*Problem to work on*: The pictures get dropped, while every remaining part of the listing is copied exactly.

*Input*:
*** Block opens ***
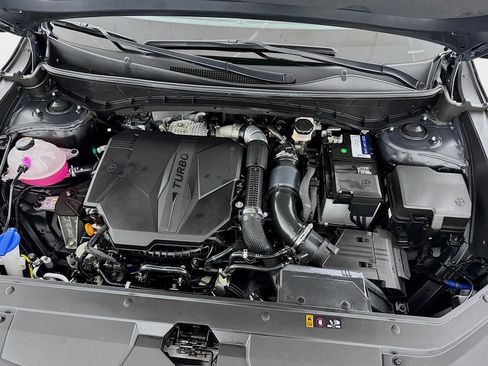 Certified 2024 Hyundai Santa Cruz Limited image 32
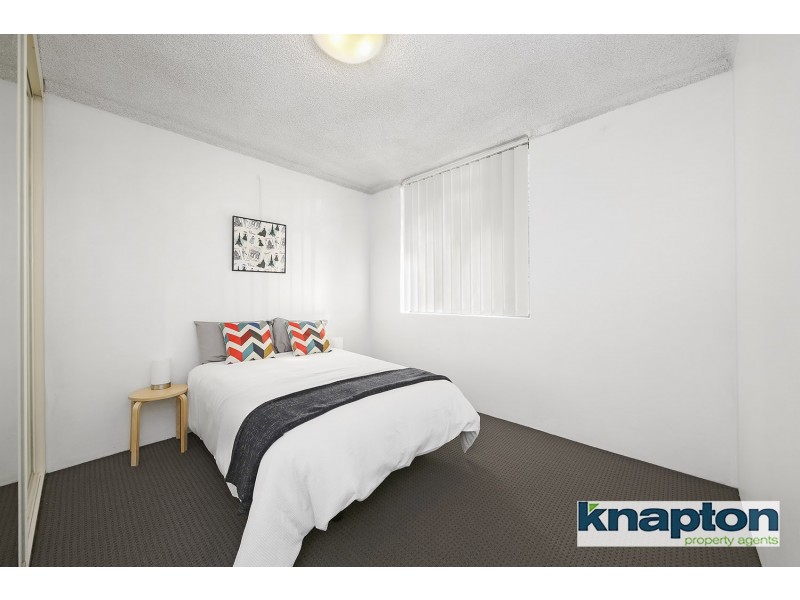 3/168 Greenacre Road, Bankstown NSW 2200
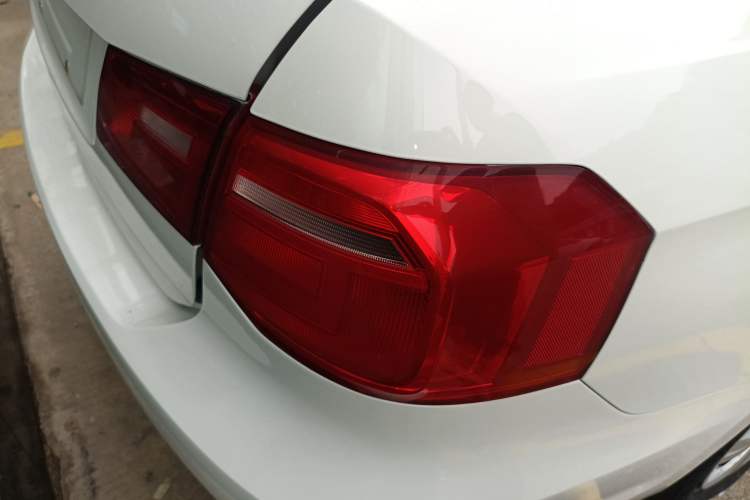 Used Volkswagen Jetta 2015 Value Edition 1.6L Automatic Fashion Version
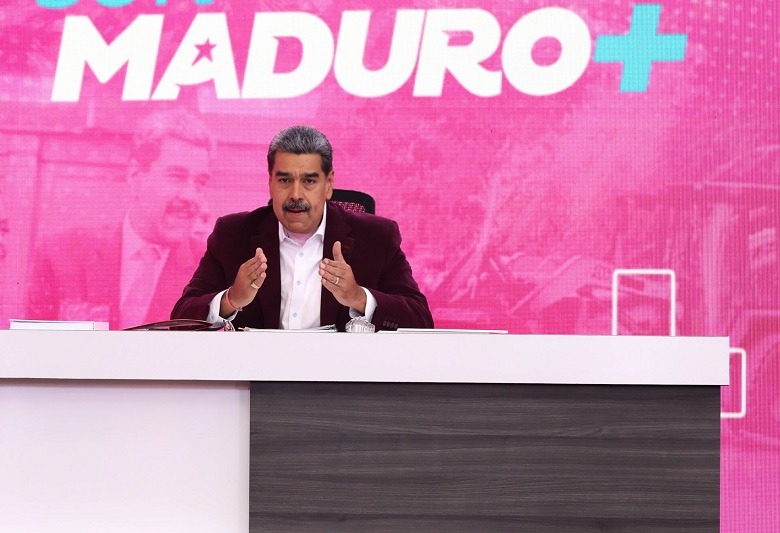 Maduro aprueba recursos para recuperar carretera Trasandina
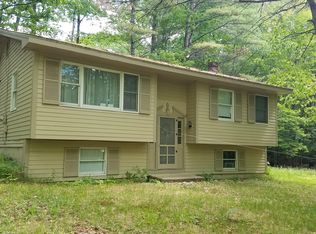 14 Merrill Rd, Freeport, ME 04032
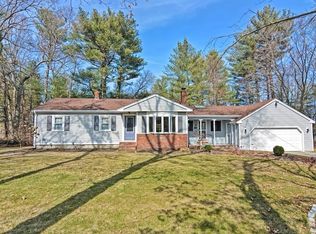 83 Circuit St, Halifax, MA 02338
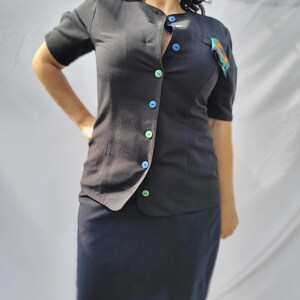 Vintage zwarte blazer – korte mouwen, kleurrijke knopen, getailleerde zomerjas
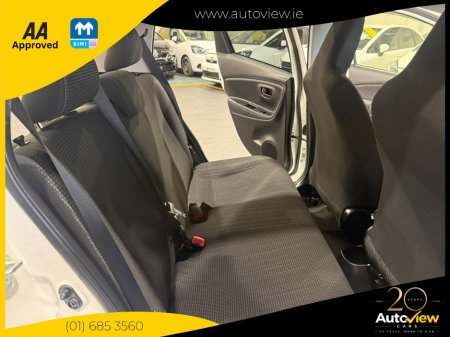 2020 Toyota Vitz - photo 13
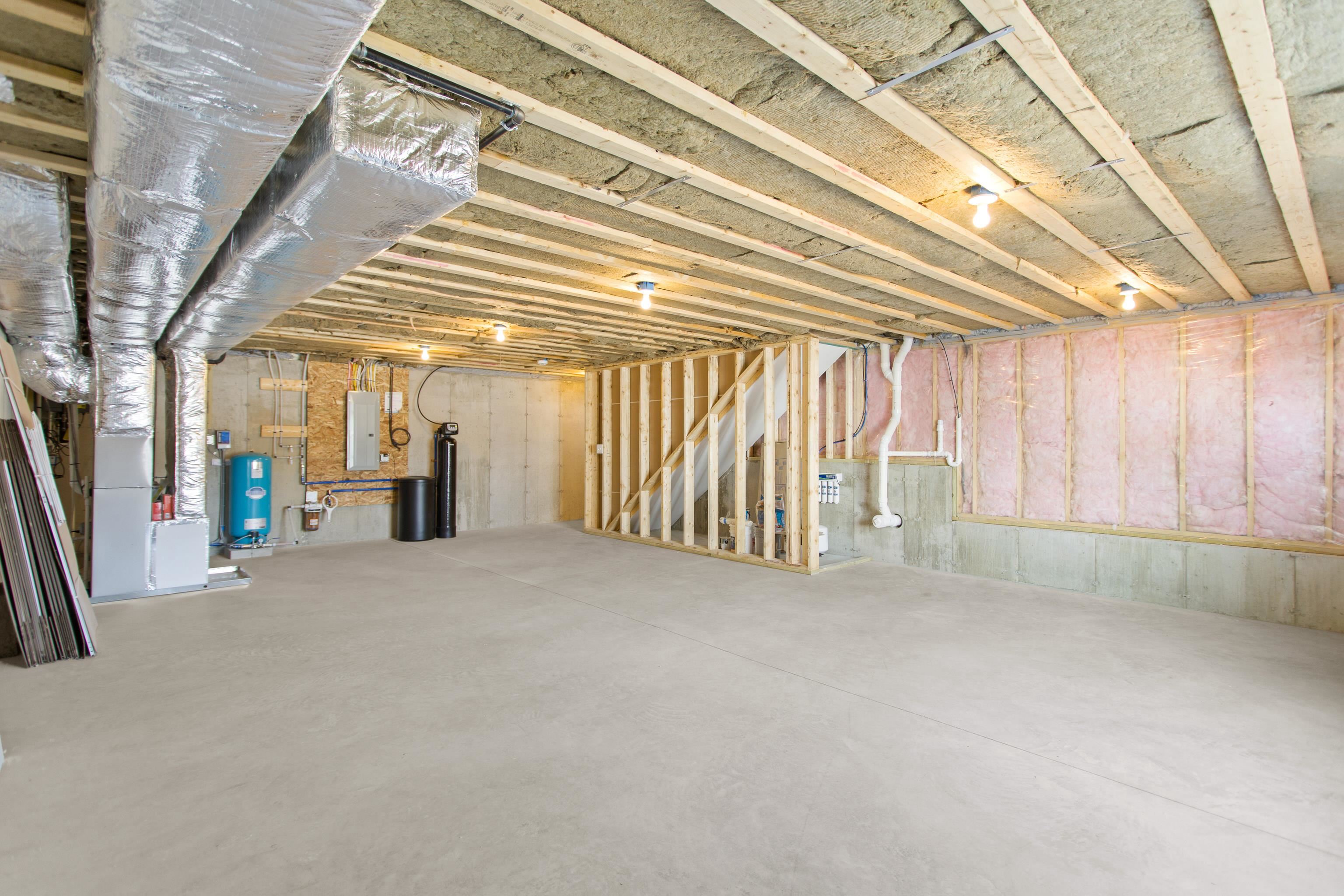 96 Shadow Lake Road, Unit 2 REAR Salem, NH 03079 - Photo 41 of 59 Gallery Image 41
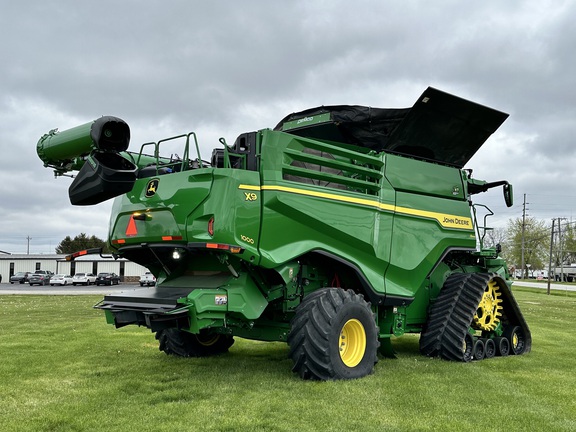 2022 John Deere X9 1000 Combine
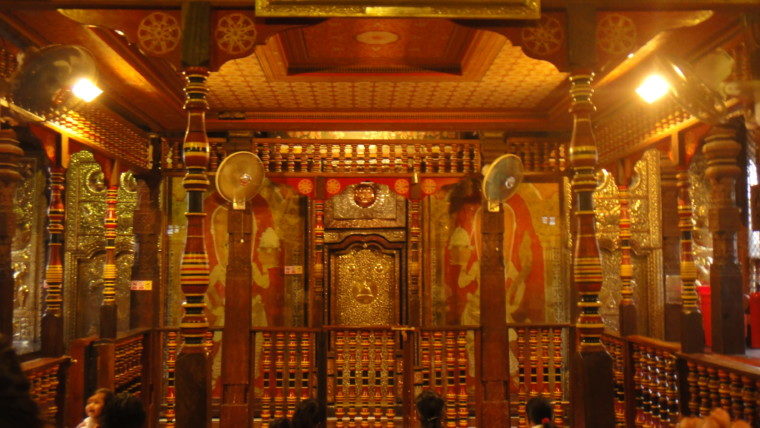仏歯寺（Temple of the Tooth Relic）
*** Block closes ***
*Solution to this task*:
 Certified 2024 Hyundai Santa Cruz Limited image 32
 3/168 Greenacre Road, Bankstown NSW 2200
 Used Volkswagen Jetta 2015 Value Edition 1.6L Automatic Fashion Version
 Maduro aprueba recursos para recuperar carretera Trasandina
 14 Merrill Rd, Freeport, ME 04032
 83 Circuit St, Halifax, MA 02338
 Vintage zwarte blazer – korte mouwen, kleurrijke knopen, getailleerde zomerjas
 2020 Toyota Vitz - photo 13
 96 Shadow Lake Road, Unit 2 REAR Salem, NH 03079 - Photo 41 of 59 Gallery Image 41
 2022 John Deere X9 1000 Combine
仏歯寺（Temple of the Tooth Relic）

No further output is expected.